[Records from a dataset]
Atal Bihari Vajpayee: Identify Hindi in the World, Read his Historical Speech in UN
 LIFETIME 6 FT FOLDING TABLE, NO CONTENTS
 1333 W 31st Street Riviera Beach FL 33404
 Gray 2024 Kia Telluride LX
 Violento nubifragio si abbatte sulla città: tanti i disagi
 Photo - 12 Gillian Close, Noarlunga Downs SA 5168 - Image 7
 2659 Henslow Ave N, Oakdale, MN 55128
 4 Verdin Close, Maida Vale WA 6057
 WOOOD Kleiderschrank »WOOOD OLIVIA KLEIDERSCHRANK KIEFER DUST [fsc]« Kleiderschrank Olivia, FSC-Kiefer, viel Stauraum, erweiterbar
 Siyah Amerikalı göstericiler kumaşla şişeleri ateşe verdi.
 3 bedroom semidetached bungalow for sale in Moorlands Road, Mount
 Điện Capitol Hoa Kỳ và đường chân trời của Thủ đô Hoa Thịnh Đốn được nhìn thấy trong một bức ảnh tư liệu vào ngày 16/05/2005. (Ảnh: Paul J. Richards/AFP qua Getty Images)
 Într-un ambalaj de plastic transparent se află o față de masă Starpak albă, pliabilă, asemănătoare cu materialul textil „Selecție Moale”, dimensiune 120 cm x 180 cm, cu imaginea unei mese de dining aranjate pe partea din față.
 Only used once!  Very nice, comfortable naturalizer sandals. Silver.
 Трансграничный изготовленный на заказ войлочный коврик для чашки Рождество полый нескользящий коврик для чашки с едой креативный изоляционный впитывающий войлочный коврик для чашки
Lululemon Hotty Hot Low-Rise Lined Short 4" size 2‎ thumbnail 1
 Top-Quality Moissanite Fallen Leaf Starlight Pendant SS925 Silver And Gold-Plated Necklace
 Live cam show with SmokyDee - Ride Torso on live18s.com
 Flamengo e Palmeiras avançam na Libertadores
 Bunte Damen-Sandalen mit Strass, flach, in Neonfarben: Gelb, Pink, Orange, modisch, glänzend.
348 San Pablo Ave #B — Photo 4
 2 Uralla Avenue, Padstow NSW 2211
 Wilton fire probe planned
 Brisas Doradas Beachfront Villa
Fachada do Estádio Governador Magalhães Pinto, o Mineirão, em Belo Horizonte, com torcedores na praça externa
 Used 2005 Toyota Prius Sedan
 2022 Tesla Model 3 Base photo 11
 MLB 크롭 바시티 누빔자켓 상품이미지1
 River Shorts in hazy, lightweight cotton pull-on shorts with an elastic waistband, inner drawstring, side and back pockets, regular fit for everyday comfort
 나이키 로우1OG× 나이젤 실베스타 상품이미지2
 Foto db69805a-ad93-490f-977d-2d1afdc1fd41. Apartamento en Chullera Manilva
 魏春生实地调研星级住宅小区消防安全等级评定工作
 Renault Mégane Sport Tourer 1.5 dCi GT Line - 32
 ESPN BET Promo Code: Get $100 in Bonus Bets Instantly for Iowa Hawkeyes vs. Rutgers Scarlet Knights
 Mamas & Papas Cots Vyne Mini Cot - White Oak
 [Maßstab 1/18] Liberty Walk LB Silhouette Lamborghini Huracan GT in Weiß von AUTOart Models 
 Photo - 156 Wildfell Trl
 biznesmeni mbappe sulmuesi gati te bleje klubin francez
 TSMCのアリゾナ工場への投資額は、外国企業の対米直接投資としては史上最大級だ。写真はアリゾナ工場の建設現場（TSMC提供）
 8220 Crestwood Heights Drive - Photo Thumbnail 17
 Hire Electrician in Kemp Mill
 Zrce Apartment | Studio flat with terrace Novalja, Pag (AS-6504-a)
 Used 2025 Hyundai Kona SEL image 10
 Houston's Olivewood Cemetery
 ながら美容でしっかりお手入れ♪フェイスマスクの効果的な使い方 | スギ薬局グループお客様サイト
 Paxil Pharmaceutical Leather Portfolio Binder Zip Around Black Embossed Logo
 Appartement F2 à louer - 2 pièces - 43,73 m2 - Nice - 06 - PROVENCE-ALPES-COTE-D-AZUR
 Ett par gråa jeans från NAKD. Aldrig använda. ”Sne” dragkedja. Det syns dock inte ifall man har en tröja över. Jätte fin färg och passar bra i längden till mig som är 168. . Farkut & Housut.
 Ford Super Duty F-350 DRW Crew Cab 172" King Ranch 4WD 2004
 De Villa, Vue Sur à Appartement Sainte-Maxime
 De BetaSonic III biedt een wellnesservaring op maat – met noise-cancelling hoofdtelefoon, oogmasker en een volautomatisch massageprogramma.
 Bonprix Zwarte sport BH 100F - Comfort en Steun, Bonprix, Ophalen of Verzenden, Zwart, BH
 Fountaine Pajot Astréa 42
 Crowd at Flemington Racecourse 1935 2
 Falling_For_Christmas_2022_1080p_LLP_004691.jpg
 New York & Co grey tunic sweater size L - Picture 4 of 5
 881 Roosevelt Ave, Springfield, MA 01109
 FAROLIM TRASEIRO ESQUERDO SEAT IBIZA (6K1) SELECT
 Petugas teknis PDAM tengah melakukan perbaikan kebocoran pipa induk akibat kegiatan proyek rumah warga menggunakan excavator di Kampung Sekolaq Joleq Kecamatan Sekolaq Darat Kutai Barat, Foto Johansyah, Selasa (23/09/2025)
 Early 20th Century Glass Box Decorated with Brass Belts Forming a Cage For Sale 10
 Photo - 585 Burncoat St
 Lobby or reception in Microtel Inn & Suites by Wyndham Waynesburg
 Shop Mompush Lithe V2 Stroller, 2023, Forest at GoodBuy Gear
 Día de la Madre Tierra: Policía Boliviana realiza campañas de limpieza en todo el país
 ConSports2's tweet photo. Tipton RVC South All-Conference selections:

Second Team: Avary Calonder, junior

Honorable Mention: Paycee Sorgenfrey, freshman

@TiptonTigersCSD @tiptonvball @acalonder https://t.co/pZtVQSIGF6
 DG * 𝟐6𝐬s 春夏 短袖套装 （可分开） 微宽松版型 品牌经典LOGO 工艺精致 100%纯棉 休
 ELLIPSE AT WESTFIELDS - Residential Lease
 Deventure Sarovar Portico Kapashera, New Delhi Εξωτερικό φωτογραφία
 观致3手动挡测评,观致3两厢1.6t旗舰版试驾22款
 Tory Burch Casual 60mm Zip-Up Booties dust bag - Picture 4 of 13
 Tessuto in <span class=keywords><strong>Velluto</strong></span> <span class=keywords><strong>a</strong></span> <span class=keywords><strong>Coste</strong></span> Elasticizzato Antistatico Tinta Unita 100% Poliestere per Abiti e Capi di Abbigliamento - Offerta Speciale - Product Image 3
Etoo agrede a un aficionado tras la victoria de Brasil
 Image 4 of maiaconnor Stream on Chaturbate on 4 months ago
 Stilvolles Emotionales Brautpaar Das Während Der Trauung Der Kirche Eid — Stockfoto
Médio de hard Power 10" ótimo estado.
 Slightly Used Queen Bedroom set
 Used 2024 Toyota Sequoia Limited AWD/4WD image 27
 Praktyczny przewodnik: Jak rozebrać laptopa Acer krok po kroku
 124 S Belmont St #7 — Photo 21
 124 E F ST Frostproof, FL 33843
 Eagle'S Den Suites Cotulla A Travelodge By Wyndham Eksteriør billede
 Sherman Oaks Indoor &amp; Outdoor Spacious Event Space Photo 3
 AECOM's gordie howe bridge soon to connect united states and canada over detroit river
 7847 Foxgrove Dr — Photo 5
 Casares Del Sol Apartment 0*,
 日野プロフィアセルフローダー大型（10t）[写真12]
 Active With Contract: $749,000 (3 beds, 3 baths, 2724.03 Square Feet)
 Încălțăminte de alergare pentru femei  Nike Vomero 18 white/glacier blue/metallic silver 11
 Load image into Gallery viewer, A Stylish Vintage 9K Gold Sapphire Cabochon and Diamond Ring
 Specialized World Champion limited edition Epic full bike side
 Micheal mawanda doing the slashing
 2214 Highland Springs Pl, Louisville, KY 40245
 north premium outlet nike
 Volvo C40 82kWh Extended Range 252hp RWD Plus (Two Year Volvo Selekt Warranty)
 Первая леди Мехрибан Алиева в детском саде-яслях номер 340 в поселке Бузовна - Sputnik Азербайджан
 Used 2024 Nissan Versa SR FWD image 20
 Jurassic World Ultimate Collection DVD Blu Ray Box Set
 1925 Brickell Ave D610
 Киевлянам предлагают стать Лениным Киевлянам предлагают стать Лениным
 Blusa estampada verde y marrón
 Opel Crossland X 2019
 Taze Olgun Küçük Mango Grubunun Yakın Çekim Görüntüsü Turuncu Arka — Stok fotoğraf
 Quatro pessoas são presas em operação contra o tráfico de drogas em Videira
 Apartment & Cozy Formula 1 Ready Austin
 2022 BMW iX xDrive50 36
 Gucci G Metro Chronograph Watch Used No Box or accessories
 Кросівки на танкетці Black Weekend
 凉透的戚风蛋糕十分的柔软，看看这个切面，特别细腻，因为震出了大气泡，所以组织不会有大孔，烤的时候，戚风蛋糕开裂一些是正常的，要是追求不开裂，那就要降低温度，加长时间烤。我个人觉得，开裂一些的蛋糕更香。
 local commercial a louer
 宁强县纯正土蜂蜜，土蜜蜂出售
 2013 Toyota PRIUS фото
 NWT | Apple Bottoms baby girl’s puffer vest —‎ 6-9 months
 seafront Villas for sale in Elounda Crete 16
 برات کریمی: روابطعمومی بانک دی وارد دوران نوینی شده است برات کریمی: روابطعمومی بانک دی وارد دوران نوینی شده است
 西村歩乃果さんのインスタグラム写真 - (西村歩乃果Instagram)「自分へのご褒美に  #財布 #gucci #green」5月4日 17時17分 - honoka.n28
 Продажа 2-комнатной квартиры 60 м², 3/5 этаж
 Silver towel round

[Problem to work on] Once you find the line with "Appartement F2 à" above, print it and every line after it up to and including the line with "De BetaSonic III", exactly as written and nothing else.

[Written answer]
 Appartement F2 à louer - 2 pièces - 43,73 m2 - Nice - 06 - PROVENCE-ALPES-COTE-D-AZUR
 Ett par gråa jeans från NAKD. Aldrig använda. ”Sne” dragkedja. Det syns dock inte ifall man har en tröja över. Jätte fin färg och passar bra i längden till mig som är 168. . Farkut & Housut.
 Ford Super Duty F-350 DRW Crew Cab 172" King Ranch 4WD 2004
 De Villa, Vue Sur à Appartement Sainte-Maxime
 De BetaSonic III biedt een wellnesservaring op maat – met noise-cancelling hoofdtelefoon, oogmasker en een volautomatisch massageprogramma.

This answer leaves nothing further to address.